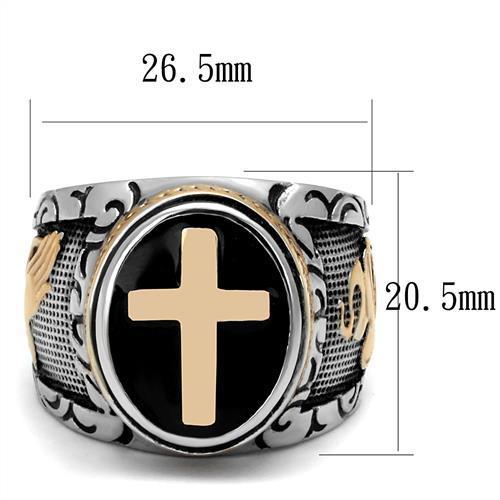 Two Tone IP Rose Gold Stainless Steel Ring with Epoxy  in Jet TK2623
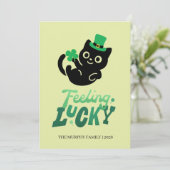 Lucky Black Cat Shamrock Photo St. Patrick's Day シーズンカード (スタンド正面)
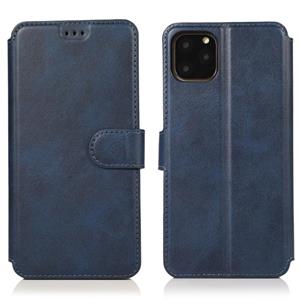 huismerk Voor iPhone 12 mini Kalf texture magnetische gesp horizontale flip lederen case met houder & kaartslots & portemonnee & fotoframe(blauw)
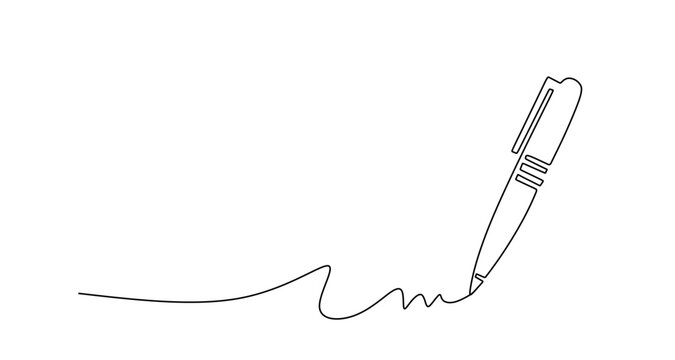 One continuous line of pen writing on a sheet. Vector illustration.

───

Could the material above be given again exactly, pictures excluded?

 Two Tone IP Rose Gold Stainless Steel Ring with Epoxy  in Jet TK2623
 Lucky Black Cat Shamrock Photo St. Patrick's Day シーズンカード (スタンド正面)
 huismerk Voor iPhone 12 mini Kalf texture magnetische gesp horizontale flip lederen case met houder & kaartslots & portemonnee & fotoframe(blauw)
 One continuous line of pen writing on a sheet. Vector illustration.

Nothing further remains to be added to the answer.